Baidu has opened an online retail service in China with Japanese e-commerce company Rakuten, WSJ reports.

Islamic fundamentalist group al-Shabab has ordered mobile operators to stop their money transfer services in Somalia, saying they are “unIslamic,” according to theBBC.

Indian operator Vodafone Essar is reportedly leading Bharti Airtel in the race to provide a closed user group mobile network for 375,000 government employees in Gujarat. The deal is said to be worth up to 3 billion rupees ($67.8m).

Sprint Nextel and Clearwire have will launch their first commercial Wimax service in New York on November 1. This will be followed by launches in Los Angeles on December 1 and San Francisco in late December.

Singapore's M1 has reported a 5.7% increase in net profit to S$119.6 million ($92m) for the first nine months of 2010, on higher service revenue and handset sales.

ZTE has released the first multi-mode Wimax/TD-LTE RRU, which supports the 2.3-2.5GHz and 3.5GHz spectrum band.
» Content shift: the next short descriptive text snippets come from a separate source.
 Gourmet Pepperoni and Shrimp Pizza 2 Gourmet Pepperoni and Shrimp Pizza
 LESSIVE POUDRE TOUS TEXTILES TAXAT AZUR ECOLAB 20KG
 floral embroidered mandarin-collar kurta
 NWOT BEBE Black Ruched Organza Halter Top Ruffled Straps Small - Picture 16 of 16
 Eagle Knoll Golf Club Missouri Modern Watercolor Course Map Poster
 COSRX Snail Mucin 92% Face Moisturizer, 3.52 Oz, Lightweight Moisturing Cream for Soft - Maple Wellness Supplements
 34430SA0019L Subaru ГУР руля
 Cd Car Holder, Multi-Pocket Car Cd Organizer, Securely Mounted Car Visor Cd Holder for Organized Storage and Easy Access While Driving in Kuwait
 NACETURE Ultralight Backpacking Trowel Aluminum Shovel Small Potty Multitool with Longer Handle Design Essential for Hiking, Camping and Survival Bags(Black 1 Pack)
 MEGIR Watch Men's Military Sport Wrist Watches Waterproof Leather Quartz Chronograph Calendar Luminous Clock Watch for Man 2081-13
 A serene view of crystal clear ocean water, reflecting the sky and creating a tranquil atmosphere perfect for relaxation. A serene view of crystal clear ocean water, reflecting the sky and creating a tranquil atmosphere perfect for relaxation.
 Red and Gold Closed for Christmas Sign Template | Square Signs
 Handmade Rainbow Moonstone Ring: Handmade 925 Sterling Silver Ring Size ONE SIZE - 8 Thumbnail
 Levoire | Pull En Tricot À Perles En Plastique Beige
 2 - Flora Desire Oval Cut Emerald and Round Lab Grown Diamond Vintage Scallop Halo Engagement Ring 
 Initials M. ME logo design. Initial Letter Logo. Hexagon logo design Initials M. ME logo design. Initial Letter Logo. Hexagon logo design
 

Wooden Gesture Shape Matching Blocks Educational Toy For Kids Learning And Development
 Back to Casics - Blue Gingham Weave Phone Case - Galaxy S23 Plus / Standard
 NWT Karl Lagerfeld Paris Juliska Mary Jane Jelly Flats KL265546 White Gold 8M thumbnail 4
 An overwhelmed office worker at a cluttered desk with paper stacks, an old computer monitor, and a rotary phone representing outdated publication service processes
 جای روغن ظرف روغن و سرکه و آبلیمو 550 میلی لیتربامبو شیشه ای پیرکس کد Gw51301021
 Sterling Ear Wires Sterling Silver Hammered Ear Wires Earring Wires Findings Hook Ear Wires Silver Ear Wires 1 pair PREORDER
Motorola has announced an LTE managed services solution, a Wimax device validation program, and released the fifth generation of its Wimax software.

Telstra International has appointed Phil Mottram as executive director, global sales, effective November 15. He was previously head of sales for BT’s Openreach.

Julian Assange, the founder of whistleblower site Wikileaks, has been denied residency in Sweden, amid investigations by Swedish prosecutors over allegations of rape and molestation.